CIRCULAIRE N° 225 du secrétaire d'État à la présidence du conseil relative à l'application du titre V « Discipline » de la loi du 19 octobre 1946 portant statut général des fonctionnaires.
Du 10 décembre 1951NOR
1. Contenu
Abrogée et remplacée en dernier lieu par la loi 84-16 du 11 janvier 1984 (BOC, p. 208). |
2. Contenu
Mes services ont été à maintes reprises saisis par différents départements ministériels de demandes d'avis relatives aux problèmes posés par la mise en œuvre du régime disciplinaire institué par la loi du 19 octobre 1946 et se sont efforcés de fournir aux diverses administrations des solutions conformes aux principes posés par le statut général. En certains cas, il leur était apparu que les questions soumises soulevaient de sérieuses difficultés juridiques et mes prédécesseurs furent conduits à demander l'avis du conseil d'État sur les solutions qu'il convenait d'y apporter.

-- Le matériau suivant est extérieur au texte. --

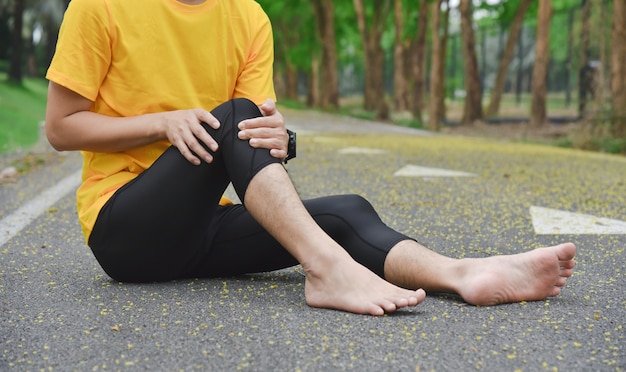 Perto de um jovem esportista asiático com dor nos músculos e articulações durante exercícios ao ar livre, durante o treinamento ou corrida e conceito de lesão esportiva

Ces avis furent portés à votre connaissance par mes circulaire 66 du 15 janvier 1948 (BOR/M, p. 33), circulaire 109 du 26 octobre 1948 (BO/A, p. 2982), circulaire 174 du 28 mars 1950 (BO/G, p. 1139).
Il m'a paru utile, compte tenu des nouvelles questions soumises à mon examen et de différents arrêts rendus par le conseil d'État, de résumer et de compléter les dispositions des circulaires précitées.
A cet effet, la présente circulaire traitera de questions posées :
§1er. Par la nature des peines disciplinaires (art. 61) ;
§ 2. Par la mise en œuvre de la procédure disciplinaire ;
§ 3. Par la situation particulière de certains agents (abandon de poste, condamnation à une peine entraînant la privation des droits civiques) ;
§ 4. Par le retrait des mesures disciplinaires.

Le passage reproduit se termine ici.